If the Marlins won’t pay, Fernandez and his reps will seek that number when the ace right-hander reaches free agency. That could be the same offseason Bryce Harper tries for $500 million.
A friend of Fernandez told Jackson that the 23-year-old native of Cuba was upset about some of the trades the Marlins made last summer and the removal of pitching coach Chuck Hernandez. You probably heard talk of Miami shopping Fernandez this winter, but the asking price was predictably sky-high.
Fernandez has been limited to 19 starts over the last two years because of Tommy John surgery and a biceps injury, but he boasts a stellar 2.40 ERA, 1.01 WHIP, and 10.5 K/9 in 289 career major league frames.

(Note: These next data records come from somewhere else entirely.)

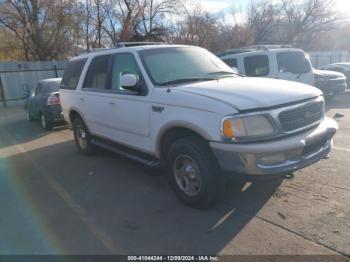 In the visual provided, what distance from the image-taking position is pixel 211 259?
116 inches

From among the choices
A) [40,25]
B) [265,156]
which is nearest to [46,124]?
[265,156]

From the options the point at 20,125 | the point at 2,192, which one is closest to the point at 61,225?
the point at 2,192

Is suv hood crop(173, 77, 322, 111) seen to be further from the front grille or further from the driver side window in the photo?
the driver side window

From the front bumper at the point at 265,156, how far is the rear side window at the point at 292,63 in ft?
19.2

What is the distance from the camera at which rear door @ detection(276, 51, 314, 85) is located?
28.7ft

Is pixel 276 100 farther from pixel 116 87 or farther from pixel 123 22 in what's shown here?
pixel 123 22

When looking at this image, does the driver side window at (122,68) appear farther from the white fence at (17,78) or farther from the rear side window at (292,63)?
the white fence at (17,78)

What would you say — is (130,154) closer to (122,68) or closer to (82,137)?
(122,68)

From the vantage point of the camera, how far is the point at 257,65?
29.7ft

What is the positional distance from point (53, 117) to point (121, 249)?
734 cm

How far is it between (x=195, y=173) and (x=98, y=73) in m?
2.90

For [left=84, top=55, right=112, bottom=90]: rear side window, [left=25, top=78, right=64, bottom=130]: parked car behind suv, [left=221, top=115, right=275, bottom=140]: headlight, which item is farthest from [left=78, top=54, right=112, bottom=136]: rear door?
[left=25, top=78, right=64, bottom=130]: parked car behind suv

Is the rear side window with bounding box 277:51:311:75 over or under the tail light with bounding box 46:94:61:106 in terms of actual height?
over

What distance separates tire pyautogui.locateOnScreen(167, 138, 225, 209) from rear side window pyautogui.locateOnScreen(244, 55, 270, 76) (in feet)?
19.1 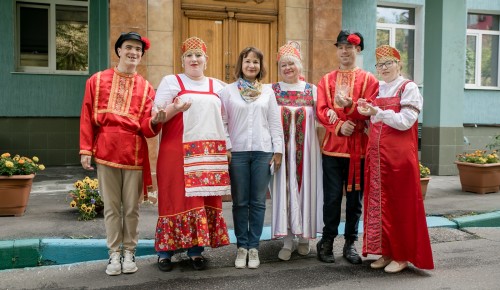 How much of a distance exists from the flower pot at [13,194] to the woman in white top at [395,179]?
159 inches

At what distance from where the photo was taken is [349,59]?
4.79 metres

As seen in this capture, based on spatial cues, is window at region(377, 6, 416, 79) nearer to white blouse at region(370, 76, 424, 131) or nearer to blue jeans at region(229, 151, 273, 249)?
white blouse at region(370, 76, 424, 131)

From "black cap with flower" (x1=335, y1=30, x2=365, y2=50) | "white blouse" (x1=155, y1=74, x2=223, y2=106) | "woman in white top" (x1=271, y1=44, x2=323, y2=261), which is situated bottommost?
"woman in white top" (x1=271, y1=44, x2=323, y2=261)

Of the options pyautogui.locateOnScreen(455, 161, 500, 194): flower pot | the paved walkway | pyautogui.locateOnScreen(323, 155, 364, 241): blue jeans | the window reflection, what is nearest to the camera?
pyautogui.locateOnScreen(323, 155, 364, 241): blue jeans

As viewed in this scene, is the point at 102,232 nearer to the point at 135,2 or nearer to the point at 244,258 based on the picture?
the point at 244,258

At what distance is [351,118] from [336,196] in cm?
74

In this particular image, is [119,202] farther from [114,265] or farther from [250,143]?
[250,143]

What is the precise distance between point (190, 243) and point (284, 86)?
1705 millimetres

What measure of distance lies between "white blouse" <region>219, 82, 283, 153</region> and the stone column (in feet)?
22.4

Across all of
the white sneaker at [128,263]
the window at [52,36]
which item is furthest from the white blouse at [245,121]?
the window at [52,36]

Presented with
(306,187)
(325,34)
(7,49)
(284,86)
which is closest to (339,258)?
(306,187)

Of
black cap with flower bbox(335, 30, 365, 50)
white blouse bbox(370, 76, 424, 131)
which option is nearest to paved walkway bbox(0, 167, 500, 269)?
white blouse bbox(370, 76, 424, 131)

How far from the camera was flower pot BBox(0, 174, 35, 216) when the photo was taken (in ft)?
19.7

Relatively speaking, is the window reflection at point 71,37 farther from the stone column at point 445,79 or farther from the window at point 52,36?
the stone column at point 445,79
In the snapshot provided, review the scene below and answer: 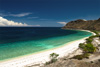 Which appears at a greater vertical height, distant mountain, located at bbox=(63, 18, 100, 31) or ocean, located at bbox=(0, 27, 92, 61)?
distant mountain, located at bbox=(63, 18, 100, 31)

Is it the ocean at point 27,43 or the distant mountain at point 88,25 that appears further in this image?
the distant mountain at point 88,25

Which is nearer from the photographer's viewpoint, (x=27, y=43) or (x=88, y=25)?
(x=27, y=43)

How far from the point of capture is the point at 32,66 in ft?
40.3

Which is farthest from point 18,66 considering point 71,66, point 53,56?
point 71,66

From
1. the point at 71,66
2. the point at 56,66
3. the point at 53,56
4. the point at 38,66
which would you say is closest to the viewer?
the point at 71,66

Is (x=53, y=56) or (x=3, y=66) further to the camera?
(x=53, y=56)

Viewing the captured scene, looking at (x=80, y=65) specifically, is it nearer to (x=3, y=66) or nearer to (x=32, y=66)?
(x=32, y=66)

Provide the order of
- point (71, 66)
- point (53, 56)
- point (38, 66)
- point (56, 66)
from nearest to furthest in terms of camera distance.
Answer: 1. point (71, 66)
2. point (56, 66)
3. point (38, 66)
4. point (53, 56)

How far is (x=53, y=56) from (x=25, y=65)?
7.02 metres

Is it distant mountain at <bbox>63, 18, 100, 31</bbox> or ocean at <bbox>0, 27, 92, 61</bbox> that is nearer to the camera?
ocean at <bbox>0, 27, 92, 61</bbox>

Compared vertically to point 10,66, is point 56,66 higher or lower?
higher

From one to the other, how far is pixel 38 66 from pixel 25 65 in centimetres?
307

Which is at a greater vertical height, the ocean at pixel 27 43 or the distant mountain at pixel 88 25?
the distant mountain at pixel 88 25

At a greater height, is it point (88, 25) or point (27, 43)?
point (88, 25) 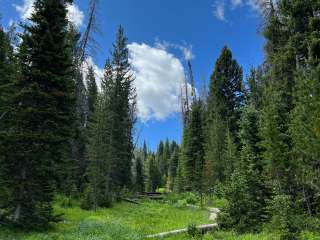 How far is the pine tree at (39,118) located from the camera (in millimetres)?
13836

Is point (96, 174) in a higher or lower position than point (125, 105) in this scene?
lower

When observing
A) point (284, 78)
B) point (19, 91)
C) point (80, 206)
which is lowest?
point (80, 206)

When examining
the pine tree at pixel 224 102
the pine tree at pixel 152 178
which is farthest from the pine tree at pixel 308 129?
the pine tree at pixel 152 178

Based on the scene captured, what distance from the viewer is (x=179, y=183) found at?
50500 millimetres

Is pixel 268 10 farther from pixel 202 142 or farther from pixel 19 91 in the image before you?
pixel 202 142

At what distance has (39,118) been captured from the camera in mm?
14766

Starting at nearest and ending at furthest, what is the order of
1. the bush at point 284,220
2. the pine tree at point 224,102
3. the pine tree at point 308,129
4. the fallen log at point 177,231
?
the bush at point 284,220
the pine tree at point 308,129
the fallen log at point 177,231
the pine tree at point 224,102

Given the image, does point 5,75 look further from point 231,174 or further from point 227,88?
point 227,88

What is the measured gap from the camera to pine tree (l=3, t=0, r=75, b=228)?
13.8 metres

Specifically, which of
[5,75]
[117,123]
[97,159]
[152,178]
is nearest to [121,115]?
[117,123]

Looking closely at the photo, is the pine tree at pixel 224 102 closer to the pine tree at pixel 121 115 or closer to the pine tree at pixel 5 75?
the pine tree at pixel 121 115

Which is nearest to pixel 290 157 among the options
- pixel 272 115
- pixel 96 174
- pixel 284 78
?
pixel 272 115

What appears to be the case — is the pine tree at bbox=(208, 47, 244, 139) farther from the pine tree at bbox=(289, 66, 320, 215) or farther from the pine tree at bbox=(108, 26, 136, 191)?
the pine tree at bbox=(289, 66, 320, 215)

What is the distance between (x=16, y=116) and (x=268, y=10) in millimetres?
20040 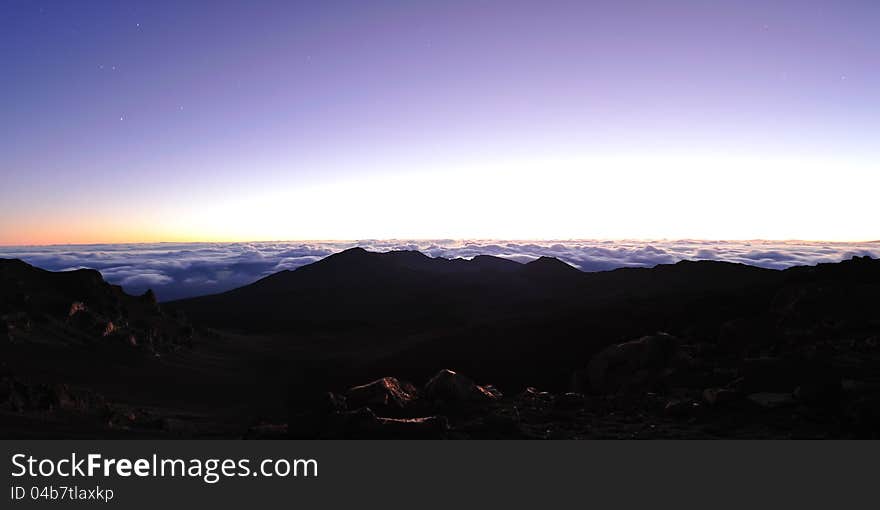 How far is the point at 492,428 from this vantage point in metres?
9.24

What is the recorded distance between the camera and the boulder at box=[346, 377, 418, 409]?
1276 centimetres

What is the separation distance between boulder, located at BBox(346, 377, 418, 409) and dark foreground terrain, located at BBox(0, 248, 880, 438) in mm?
65

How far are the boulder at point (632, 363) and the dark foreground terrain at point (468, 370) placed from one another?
97 mm

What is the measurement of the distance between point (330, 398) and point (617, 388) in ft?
44.2

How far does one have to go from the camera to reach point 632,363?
1984 centimetres

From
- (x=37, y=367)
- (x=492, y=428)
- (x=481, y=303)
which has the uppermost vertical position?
(x=492, y=428)

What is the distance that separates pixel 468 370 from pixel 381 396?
693 inches

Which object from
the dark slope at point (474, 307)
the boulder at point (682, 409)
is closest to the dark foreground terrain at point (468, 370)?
the boulder at point (682, 409)

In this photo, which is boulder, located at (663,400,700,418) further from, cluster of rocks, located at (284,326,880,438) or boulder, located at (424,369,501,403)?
boulder, located at (424,369,501,403)

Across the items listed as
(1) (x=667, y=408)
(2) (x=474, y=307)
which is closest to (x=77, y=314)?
(1) (x=667, y=408)

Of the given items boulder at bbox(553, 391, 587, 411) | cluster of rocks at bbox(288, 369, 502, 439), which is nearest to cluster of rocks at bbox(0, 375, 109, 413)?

He will make $2.8 million in 2016 and carries two more years of arbitration eligibility.
If he can put together a run of 30-start, 200-inning seasons, Fernandez will get that $30 million per year and probably much more.
Paul Hoynes at the Cleveland Plain Dealer has an in-depth look at how the Indians will manage their outfield during the early part of the 2016 season, in the absence of star Michael Brantley.
Brantley underwent labrum surgery on his right shoulder this past November and has not picked up a bat all winter. “In the off-season people know I love to hit,” Brantley acknowledged to Hoynes late last week. ”I hit a lot. It’s just been a change in my timetable.”
Hoynes says the projected date for Brantley’s 2016 debut is “hazy,” guessing that it might happen around late April or early May if everything continues to go smoothly. Shoulders can be tricky, for hitters and pitchers.
Rajai Davis, Abraham Almonte, and Lonnie Chisenhall figure to make up Cleveland’s primary starting outfield while Brantley is finishing his rehabilitation. Collin Cowgill and Joey Butler could also be in the mix. It’s a lacking group, tasked with replacing one of the most productive players in baseball.
Brantley, 28, has slashed .319/.382/.494 over the last two seasons, tallying 35 home runs, 90 doubles, 181 RBI, and 38 stolen bases in 293 games.
Could the talented Tribe be in for another slow start?
Shouldn’t this club be spending more money?